So for now im going to put back that original hot, and maybe buy some more caps. Should i post a pic of my chassis to see what exact model it is?
Posting some detailed pics of your chassis would be good to identifying the exact revision. IIRC there are at least 5 variants (maybe more) of the MS9-29 and it's possible that the cap list is different between them.
MS9-29A (Astro chassis variant with manual degauss)
MS9-29N (Namco maybe?)
MS9-29T (Taito chassis variant with auto degauss)
MS9-29S (I don't know where this one was used)
MS9-29SU (Sega Universal chassis variant, designed for Hitachi tube, found in Twin units and other Sega machines)
Now that I have done this, what would be the best thing to do now. Should I go through each one and double check polarity plus uf matching? Is there a list I could reference? I was using 300wins list after the fact, before I knew that these kits would vary.
There's a cap list on AO:
http://wiki.arcadeotaku.com/w/Nanao_MS-9_capacitor_listing
there's a cap list here:
http://www.juniorsrevenge.com/nanaoms929caplist.txt
I'm sure there are other lists floating around online too.

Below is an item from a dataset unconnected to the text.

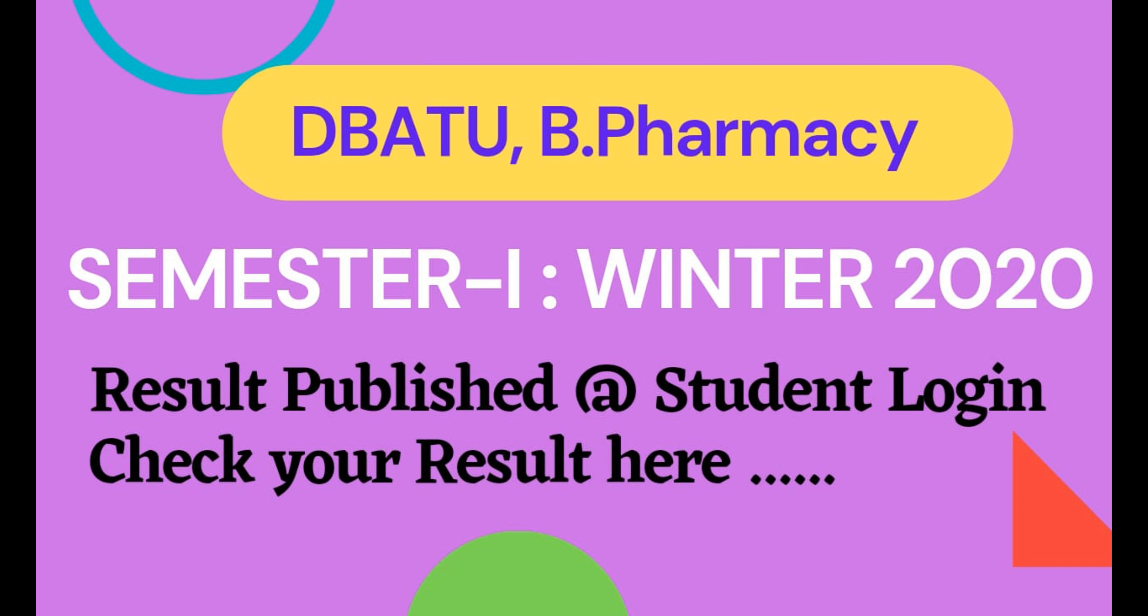Hello everyone, welcome to our YouTube channel Pharma Creations. I know you all are eagerly waiting for the results of first semester B Pharmacy course. So now these results have been published at student login, so let's see where you can see these results.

If this were mine I'd make a spreadsheet, in the first column put the cap location number, in the second column put the farad and voltage as specified on your cap kit list, then in columns 2,3, etc list out the caps specified in any of the online lists you've found. Finally look at each cap you installed on your board and mark the farad and voltage in it's own column also check the polarity of the cap against the polarity on the silkscreen (note that the silkscreen marks the positive pin while the cap casing marks the negative pin) ...
Do you still have the old caps? if so try to figure out which cap went to which location and mark down the value in it's own column on the spreadsheet
highlight any row where any differences exist... ESPECIALLY if the farad rating is different or if your new cap has a lower voltage rating than any of the other columns.
I've not done done an MS9 cap kit but it seems as though the pi-polar cap can indeed keep it from running if a suitable replacement is not used:
http://forum.arcadeotaku.com/viewtopic.php?t=19053
If your new cap is not by polar then re-install your old one in that spot. Same goes for any location where there is a mis-match (wrong farad rating to voltage to low).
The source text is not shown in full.